The Power of Language (RJS)

The Power of Language (RJS) April 26, 2018

Human language.

However many other aspects of human nature and behavior we find among animals on earth, human capacity for language remains unique. The capacity for language and the capacity for abstract thought are intimately connected. We communicate complex ideas to each other through the medium of language. We even internalize and consider abstract concepts through the medium of language. This is an intimate part of who we are as a species, as a people. Language places boundaries on the way we think, but these are soft boundaries. We can break away from what we know and move into uncharted territories.

Even here, language plays an important role. To communicate new thoughts we often develop analogies and use metaphors connecting things we already know (or think we know) to these new and unfamiliar ideas. It is hard to imagine making progress in any other way. As a physical chemist I will describe the quantum nature of matter using concepts that are familiar – waves and particles. But electrons and photons are neither waves nor particles. As inherently quantum mechanical entities they behave wave-like or particle-like under certain circumstances.

When we read Genesis we read a story of divine origin told through the medium of human language, for human understanding. We believe as Christians that there is a divine source for the story. But the story must use concepts familiar to the original audience to communicate the important new ideas. This is how human language and thinking works. There is no way an ancient audience could really have made a leap from their world to our present day understanding of cosmology and particle physics. It would just have muddied the waters.

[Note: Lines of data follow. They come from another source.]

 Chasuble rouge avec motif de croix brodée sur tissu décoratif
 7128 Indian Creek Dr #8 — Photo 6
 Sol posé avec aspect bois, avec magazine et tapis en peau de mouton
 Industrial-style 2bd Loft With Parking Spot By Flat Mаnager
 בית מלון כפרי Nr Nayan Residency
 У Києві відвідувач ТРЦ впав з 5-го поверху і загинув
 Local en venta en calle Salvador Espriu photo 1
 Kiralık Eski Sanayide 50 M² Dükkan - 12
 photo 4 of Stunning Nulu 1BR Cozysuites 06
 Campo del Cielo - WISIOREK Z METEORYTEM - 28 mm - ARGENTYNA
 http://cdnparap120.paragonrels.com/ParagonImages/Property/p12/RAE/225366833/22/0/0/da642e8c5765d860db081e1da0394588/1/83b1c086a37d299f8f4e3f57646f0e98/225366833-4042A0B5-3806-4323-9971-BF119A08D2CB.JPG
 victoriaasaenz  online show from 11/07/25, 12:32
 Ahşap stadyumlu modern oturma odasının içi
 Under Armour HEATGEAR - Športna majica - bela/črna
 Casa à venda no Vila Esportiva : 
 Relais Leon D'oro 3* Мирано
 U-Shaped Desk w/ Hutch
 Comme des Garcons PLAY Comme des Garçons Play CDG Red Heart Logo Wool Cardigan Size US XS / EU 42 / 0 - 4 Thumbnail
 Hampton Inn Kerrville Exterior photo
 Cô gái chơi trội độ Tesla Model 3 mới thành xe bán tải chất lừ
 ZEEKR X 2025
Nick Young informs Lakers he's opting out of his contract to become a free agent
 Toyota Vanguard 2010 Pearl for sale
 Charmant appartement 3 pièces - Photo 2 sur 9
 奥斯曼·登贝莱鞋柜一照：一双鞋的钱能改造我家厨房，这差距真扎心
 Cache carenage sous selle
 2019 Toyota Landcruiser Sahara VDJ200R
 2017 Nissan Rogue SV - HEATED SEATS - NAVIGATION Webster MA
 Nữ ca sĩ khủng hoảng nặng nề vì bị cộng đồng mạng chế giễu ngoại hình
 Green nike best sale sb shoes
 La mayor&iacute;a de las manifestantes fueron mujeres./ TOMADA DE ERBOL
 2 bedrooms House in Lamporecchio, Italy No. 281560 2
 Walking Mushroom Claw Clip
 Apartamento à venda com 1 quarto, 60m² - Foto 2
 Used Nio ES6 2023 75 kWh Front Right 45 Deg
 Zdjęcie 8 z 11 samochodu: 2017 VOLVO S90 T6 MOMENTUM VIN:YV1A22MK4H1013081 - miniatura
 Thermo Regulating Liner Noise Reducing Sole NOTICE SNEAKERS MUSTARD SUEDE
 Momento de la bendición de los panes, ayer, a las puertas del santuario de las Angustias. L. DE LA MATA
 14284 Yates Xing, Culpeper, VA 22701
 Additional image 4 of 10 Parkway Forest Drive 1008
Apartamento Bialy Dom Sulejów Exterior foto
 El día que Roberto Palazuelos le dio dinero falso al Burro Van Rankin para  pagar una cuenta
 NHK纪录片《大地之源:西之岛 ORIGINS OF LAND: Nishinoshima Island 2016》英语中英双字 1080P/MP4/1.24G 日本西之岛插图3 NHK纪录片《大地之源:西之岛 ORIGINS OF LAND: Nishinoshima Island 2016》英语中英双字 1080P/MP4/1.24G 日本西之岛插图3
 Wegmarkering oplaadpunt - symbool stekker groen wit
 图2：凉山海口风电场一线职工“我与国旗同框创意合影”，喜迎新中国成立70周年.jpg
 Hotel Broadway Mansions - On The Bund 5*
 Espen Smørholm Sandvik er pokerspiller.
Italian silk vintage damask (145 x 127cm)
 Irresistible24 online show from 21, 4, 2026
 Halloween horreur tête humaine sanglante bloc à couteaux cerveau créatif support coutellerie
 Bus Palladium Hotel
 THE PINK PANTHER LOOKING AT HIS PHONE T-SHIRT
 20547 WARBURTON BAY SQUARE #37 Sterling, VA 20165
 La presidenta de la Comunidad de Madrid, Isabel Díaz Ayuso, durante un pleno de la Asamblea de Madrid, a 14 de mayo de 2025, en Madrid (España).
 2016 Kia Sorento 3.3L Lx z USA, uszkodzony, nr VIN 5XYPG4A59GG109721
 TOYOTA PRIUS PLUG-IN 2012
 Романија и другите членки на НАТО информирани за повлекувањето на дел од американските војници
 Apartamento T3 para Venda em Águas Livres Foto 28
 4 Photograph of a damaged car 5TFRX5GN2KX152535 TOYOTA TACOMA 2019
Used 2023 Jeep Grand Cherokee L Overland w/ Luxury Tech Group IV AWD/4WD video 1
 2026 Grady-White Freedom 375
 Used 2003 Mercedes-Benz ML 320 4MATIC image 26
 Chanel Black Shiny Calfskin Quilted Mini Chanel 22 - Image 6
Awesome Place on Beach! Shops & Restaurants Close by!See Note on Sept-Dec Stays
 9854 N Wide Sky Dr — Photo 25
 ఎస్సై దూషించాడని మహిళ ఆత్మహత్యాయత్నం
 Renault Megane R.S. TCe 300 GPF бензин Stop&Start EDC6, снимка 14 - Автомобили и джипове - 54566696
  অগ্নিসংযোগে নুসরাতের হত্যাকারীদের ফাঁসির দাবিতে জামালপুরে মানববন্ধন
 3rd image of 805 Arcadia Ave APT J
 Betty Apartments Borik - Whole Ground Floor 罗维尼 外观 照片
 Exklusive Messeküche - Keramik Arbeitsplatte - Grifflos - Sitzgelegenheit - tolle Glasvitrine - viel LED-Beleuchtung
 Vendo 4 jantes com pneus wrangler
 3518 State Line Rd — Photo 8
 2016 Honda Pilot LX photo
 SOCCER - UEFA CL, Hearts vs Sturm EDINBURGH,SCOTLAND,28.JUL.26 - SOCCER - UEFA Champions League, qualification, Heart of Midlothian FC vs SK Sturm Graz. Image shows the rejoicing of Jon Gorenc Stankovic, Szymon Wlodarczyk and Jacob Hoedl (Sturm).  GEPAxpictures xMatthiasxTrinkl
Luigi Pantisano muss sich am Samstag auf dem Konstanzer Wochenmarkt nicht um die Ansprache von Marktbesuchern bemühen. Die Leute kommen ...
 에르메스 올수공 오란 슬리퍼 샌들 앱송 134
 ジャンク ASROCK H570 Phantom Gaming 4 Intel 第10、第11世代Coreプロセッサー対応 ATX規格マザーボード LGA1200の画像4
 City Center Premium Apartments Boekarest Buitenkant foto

Human language is powerful, but can also be deceptive. Two recent posts on the BioLogos site (link: here) discuss helpful and unhelpful metaphors for evolution. Their introduction: “Evolution is a complex scientific theory that can be hard to wrap the mind around. To help us grasp evolution, we sometime employ metaphors; powerful conceptual tools that help us understand new concepts by connecting them to ideas we are familiar with. However just as the right metaphor can go a long way in guiding our learning, so the wrong metaphor can be dangerously misleading.

Andy Walsh starts by providing four unhelpful metaphors. He starts:

Metaphors can be powerful teaching tools, leading us to an understanding of new concepts by connecting them to ideas we have already grasped. As with any tool, choosing the right one is important. A metaphor that builds on a familiar, evocative image but fails to capture essential details of the new concept can give a false impression of learning. It’s like using a wrench that’s too big. You turn and turn and feel like you are doing work, but at the other end nothing happens because the wrench hasn’t engaged.

The four unhelpful metaphors he highlights are: (1) Tornado in a junkyard, (2) monkeys banging out Shakespeare on a typewriter, (3) evolving car models, and (4) king of the hill.   Evolution doesn’t happen all at once, like a tornado. It isn’t completely random like the monkeys (changes over time build on each other). In evolution there are organic connections between modifications – which is not always true with automobiles. Survival of the fittest is not the only operating feature in evolution. I personally find the image of “red in tooth and claw” to be terribly misleading. While evolution does involve death, it is only as bloody as the world around us today. We have predators and prey, yes. But evolutionary change is slow and imperceptible to any individual in the process as they live out their lives.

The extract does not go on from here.